Identification of Opportunity
When I joined Ranges.io (formerly Tomahawque) as the first product designer, the platform focused on creating exciting capture-the-flag experiences for players. However, field research and user tests observing players in live events found they spent little time in the actual application. The main users were authors creating event content. Their key issue was needing to fully build and test events themselves, wasting months per event.

Definition of Problem
During a task modelling research project to understand the workflow of authors, one of the key issues identified was that they relied on an event editor completely separate from the player view. The impact of this was having to actually to deploy a full instance of an event to understand what a player would see. The inefficient process stifled content production. I identified the editor as a major bottleneck limiting the platform's potential.

Iteration to Solution
I led design engineering on an editable layer placed over the player view. This let authors switch between their authoring controls and the experience the player would have instantly.
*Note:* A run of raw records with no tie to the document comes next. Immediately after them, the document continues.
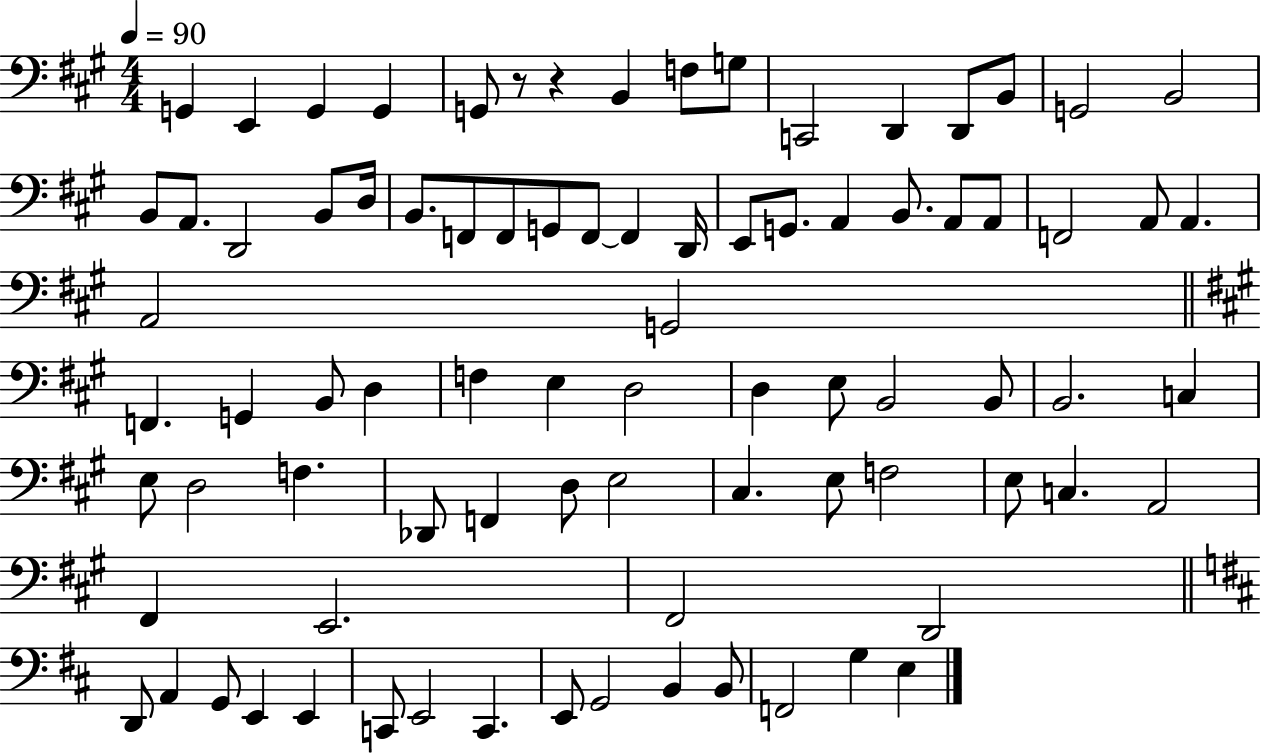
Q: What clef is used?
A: bass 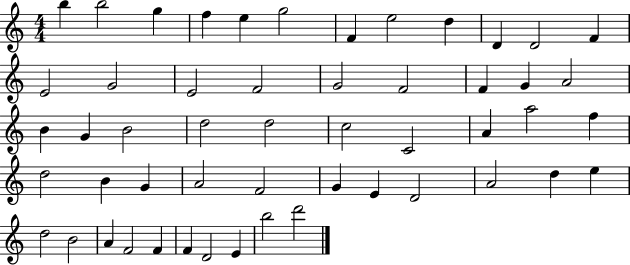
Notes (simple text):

B5/q B5/h G5/q F5/q E5/q G5/h F4/q E5/h D5/q D4/q D4/h F4/q E4/h G4/h E4/h F4/h G4/h F4/h F4/q G4/q A4/h B4/q G4/q B4/h D5/h D5/h C5/h C4/h A4/q A5/h F5/q D5/h B4/q G4/q A4/h F4/h G4/q E4/q D4/h A4/h D5/q E5/q D5/h B4/h A4/q F4/h F4/q F4/q D4/h E4/q B5/h D6/h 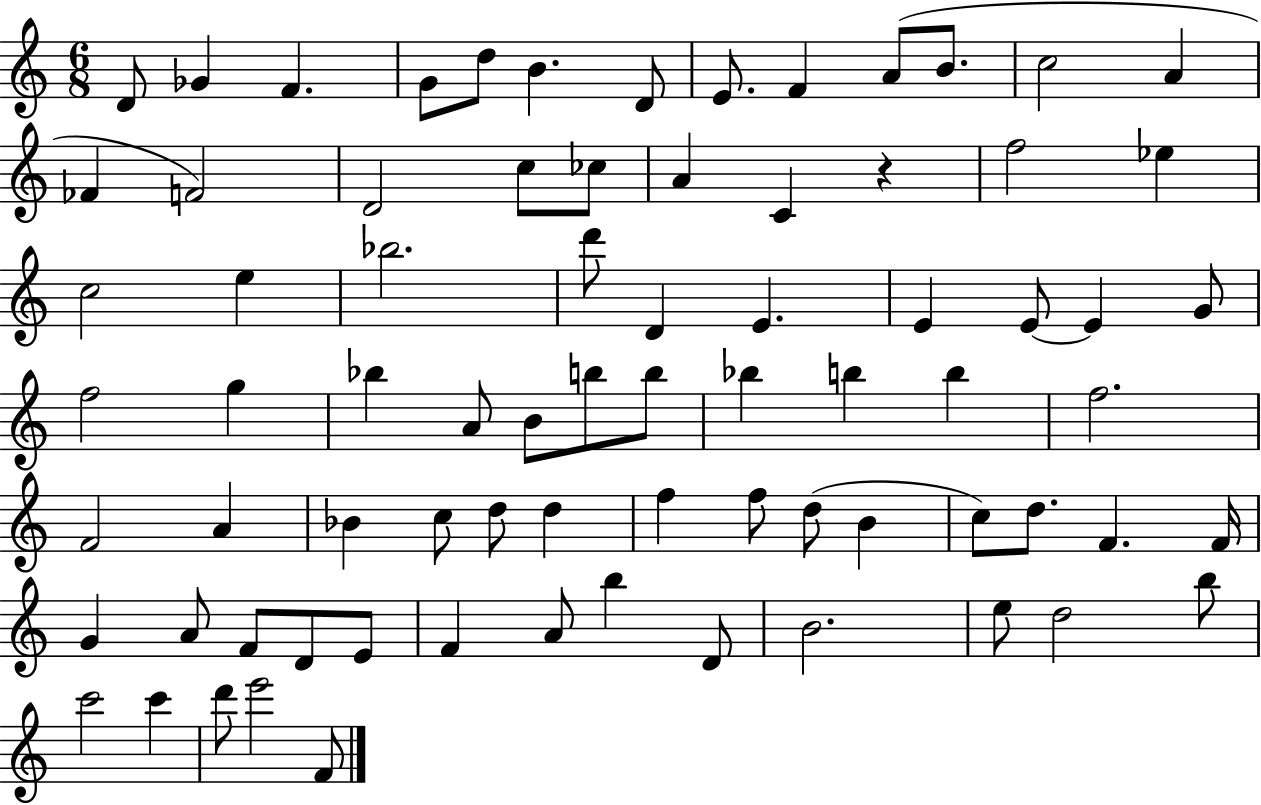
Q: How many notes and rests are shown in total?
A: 76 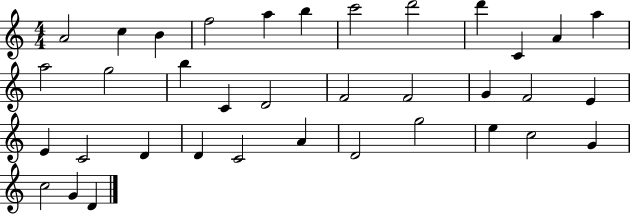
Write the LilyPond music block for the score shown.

{
  \clef treble
  \numericTimeSignature
  \time 4/4
  \key c \major
  a'2 c''4 b'4 | f''2 a''4 b''4 | c'''2 d'''2 | d'''4 c'4 a'4 a''4 | \break a''2 g''2 | b''4 c'4 d'2 | f'2 f'2 | g'4 f'2 e'4 | \break e'4 c'2 d'4 | d'4 c'2 a'4 | d'2 g''2 | e''4 c''2 g'4 | \break c''2 g'4 d'4 | \bar "|."
} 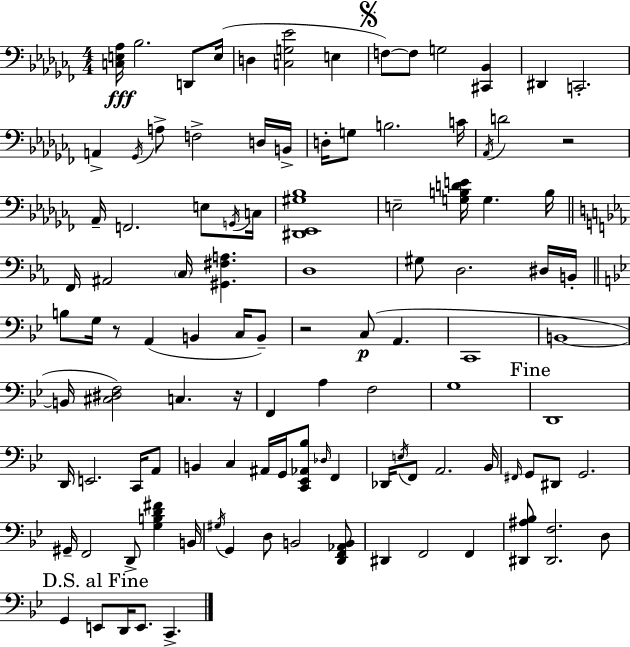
[C3,E3,Ab3]/s Bb3/h. D2/e E3/s D3/q [C3,G3,Eb4]/h E3/q F3/e F3/e G3/h [C#2,Bb2]/q D#2/q C2/h. A2/q Gb2/s A3/e F3/h D3/s B2/s D3/s G3/e B3/h. C4/s Ab2/s D4/h R/h Ab2/s F2/h. E3/e G2/s C3/s [D#2,Eb2,G#3,Bb3]/w E3/h [G3,B3,D4,E4]/s G3/q. B3/s F2/s A#2/h C3/s [G#2,F#3,A3]/q. D3/w G#3/e D3/h. D#3/s B2/s B3/e G3/s R/e A2/q B2/q C3/s B2/e R/h C3/e A2/q. C2/w B2/w B2/s [C#3,D#3,F3]/h C3/q. R/s F2/q A3/q F3/h G3/w D2/w D2/s E2/h. C2/s A2/e B2/q C3/q A#2/s G2/s [C2,Eb2,Ab2,Bb3]/e Db3/s F2/q Db2/s E3/s F2/e A2/h. Bb2/s F#2/s G2/e D#2/e G2/h. G#2/s F2/h D2/e [G3,B3,D4,F#4]/q B2/s G#3/s G2/q D3/e B2/h [D2,F2,Ab2,B2]/e D#2/q F2/h F2/q [D#2,A#3,Bb3]/e [D#2,F3]/h. D3/e G2/q E2/e D2/s E2/e. C2/q.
In parallel to this interface focused project we also introduced an extensible trigger system which opened up new progression pathways and external system interactions for authors to create engaging content with. Overall my solution cut average testing time down to just 2 weeks per event.



Impact
My improvements drove an 18-month acquisition by SANS Institute, the world's leading cybersecurity training provider. My editor enabled SANS authors to migrate their training content to the platform, saving $34.5M annually in operational costs while accelerating author productivity in the process.